Why John Kerry for this role while the Senator had other legislative duties, and not a career Foreign Service diplomat, or perhaps a presidential appointee from the academic world with specialized experience and education where Iran was concerned? The President might have chosen anyone, but he selected his former colleague from the Senate. What is there in John Kerry’s background that made him an ideal choice from the President’s perspective?
The President has stated several times that his goal for Iran is that it should become a successful regional power. He repeated this statement most recently in July of this year.
Kerry’s history suggests that he has a world view highly sympathetic to goal of making Iran such a regional power. As a young man in 1966, Kerry gave a speech still cited by partisans of Iran in which he declared that “Western imperialism” was more threatening than Communism.
This view is echoed several times in Kerry’s personal history. Kerry made his name by informally and independently negotiating with regimes hostile to the United States. In May of 1970, while a serving reserve Naval officer and without the permission of his chain of command, John Kerry met secretly with representatives of the North Vietnamese government. On returning from these meetings in Paris, Kerry joined an organization called Vietnam Veterans Against the War, an organization so radical that it debated (though it tabled) a motion to assassinate American officials as part of its opposition to the war. He was “immediately” appointed to the leadership committee of that organization, and began organizing anti-war activities designed to project an image of the American military as carrying out war crimes in Vietnam. He returned to Paris to meet with the Communist leadership a second time in 1971.

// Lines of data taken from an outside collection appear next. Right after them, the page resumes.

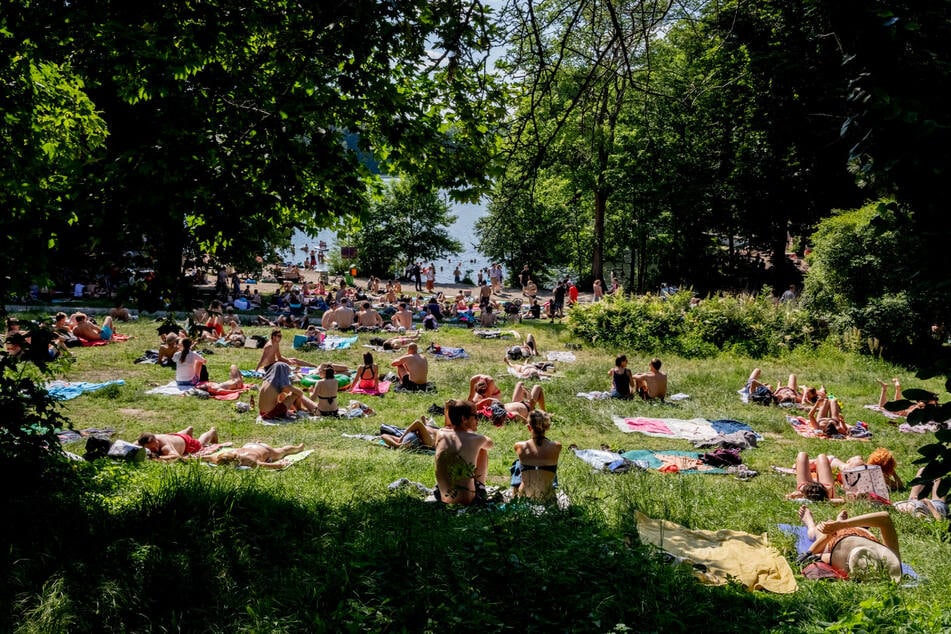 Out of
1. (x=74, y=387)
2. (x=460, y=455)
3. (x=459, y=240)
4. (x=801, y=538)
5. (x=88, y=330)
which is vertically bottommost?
(x=801, y=538)

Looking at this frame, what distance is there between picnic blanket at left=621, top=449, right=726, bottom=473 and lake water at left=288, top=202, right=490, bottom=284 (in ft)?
48.8

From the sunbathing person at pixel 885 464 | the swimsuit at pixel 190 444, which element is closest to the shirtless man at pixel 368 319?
the swimsuit at pixel 190 444

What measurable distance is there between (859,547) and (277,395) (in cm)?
863

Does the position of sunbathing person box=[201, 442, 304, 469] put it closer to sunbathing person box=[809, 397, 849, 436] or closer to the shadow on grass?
the shadow on grass

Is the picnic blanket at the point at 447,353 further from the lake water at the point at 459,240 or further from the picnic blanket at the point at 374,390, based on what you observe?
the lake water at the point at 459,240

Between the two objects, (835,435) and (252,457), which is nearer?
(252,457)

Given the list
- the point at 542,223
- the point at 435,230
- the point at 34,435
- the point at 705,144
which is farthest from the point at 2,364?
the point at 435,230

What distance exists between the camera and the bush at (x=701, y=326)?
61.0 ft

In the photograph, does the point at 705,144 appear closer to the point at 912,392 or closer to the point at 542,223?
the point at 542,223

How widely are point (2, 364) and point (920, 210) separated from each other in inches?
253

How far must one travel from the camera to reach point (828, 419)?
1117cm

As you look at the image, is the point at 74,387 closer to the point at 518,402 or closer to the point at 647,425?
the point at 518,402

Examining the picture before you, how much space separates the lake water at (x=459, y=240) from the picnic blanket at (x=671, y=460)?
48.8ft

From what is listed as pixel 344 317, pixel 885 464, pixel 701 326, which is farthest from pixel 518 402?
pixel 344 317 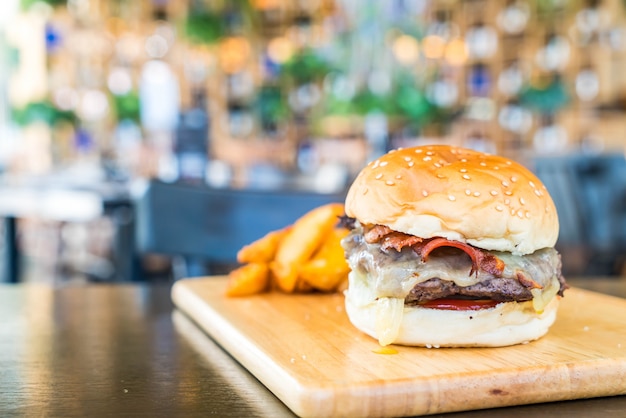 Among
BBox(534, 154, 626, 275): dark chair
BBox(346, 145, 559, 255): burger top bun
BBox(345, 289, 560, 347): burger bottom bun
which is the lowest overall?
BBox(534, 154, 626, 275): dark chair

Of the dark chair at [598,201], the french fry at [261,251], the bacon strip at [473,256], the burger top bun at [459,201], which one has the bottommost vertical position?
the dark chair at [598,201]

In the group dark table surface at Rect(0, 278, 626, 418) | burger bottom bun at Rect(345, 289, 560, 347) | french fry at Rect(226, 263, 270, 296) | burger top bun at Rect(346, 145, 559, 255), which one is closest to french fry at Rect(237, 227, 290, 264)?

Once he had been elected to the Senate, John Kerry’s work is credited with having exposed the Iran-Contra affair. One might expect that Iran’s terrible human rights record would have been a very useful thing for his hearings to have focused on as a bludgeon against an administration that, then as now, was arranging to sell weapons to the mullahs. However, the “Iran” side of Iran-Contra was a late development, and the Kerry report was too early to have explored it in depth. Kerry’s interest was in Nicaragua, where he was able to leverage reports that the Contras were involved in drug dealing to obtain support from Republican Senator Jesse Helms for the investigation.
In 1985, Henry Kissinger accused John Kerry of interfering with diplomatic channels by engaging in direct negotiations with the Communist Sandinistas. Kissinger said “we can’t be negotiating with our own Congressmen and the Nicaraguans simultaneously” over the removal of foreign – that is, Soviet-bloc – military and intelligence advisers to the Sandinistas.
It seems the reason that Kerry was the ideal choice for the Iran negotiations from the President’s perspective is that they share a basic world view. The President’s ideal outcome for the negotiations is a strong Iran, an Iran capable of asserting itself as a regional power, and an Iran therefore made immune from Western imperialism. Viewed in that light, the Iran deal must look like a historic success.